Assignment:
Scan the data below and pick out the lines containing the word "everyone".

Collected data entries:
__________________________________________________

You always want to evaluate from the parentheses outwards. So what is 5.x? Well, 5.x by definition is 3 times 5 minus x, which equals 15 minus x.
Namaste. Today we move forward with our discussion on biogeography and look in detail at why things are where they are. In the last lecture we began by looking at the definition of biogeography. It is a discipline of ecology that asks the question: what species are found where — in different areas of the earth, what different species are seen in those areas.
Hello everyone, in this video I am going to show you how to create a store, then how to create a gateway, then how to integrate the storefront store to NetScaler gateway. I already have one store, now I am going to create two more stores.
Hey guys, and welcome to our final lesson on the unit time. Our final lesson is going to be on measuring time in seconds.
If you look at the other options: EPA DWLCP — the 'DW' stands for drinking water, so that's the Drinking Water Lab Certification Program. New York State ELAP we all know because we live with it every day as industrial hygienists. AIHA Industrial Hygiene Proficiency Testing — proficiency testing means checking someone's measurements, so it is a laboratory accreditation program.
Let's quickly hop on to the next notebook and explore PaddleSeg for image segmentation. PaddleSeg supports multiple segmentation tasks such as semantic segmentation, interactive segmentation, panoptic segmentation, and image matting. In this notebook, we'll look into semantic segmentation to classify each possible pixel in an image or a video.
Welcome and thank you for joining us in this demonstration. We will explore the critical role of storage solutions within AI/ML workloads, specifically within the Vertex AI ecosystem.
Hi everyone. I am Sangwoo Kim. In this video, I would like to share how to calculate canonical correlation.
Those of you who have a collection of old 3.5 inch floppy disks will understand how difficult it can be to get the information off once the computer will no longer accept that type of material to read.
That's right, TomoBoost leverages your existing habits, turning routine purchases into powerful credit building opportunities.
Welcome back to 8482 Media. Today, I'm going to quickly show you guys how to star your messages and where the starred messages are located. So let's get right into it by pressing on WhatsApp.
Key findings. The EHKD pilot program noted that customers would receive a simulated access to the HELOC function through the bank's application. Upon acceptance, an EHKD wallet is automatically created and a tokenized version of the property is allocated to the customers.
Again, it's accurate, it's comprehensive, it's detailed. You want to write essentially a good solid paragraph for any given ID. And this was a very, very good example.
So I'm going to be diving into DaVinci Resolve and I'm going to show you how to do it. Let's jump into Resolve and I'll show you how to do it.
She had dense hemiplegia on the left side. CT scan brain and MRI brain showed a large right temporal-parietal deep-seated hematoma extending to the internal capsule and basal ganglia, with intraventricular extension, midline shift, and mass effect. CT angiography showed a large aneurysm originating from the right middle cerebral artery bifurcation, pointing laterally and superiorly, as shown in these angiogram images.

__________________________________________________

Task output:
Hello everyone, in this video I am going to show you how to create a store, then how to create a gateway, then how to integrate the storefront store to NetScaler gateway. I already have one store, now I am going to create two more stores.
Hi everyone. I am Sangwoo Kim. In this video, I would like to share how to calculate canonical correlation.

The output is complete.